Developmental pathways to amygdala-prefrontal function and internalizing symptoms in adolescence

Abstract
The authors assessed the contributions of early life stress (ELS) and childhood cortisol levels to adolescent resting-state functional connectivity. In females, ELS predicted increased cortisol levels in childhood, which predicted decreased amygdala-ventromedial prefrontal cortex (vmPFC) functional connectivity. Amygdala-vmPFC connectivity was inversely correlated with anxious sympotms and positively correlated with depressive symptoms. Early life stress (ELS) and function of the hypothalamic-pituitary-adrenal axis predict later psychopathology. Animal studies and cross-sectional human studies suggest that this process might operate through amygdala–ventromedial prefrontal cortex (vmPFC) circuitry implicated in the regulation of emotion. Here we prospectively investigated the roles of ELS and childhood basal cortisol amounts in the development of adolescent resting-state functional connectivity (rs-FC), assessed by functional connectivity magnetic resonance imaging (fcMRI), in the amygdala-PFC circuit. In females only, greater ELS predicted increased childhood cortisol levels, which predicted decreased amygdala-vmPFC rs-FC 14 years later.

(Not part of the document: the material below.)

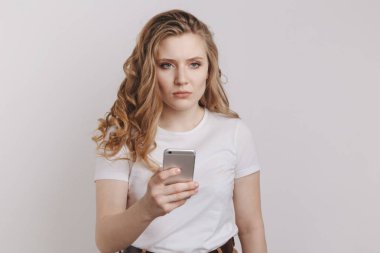 Ona telefon ile sinirli kız portresi. Cep telefonu ile ilgili sorunlar.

For females, adolescent amygdala-vmPFC functional connectivity was inversely correlated with concurrent anxiety symptoms but positively associated with depressive symptoms, suggesting differing pathways from childhood cortisol levels function through adolescent amygdala-vmPFC functional connectivity to anxiety and depression. These data highlight that, for females, the effects of ELS and early HPA-axis function may be detected much later in the intrinsic processing of emotion-related brain circuits.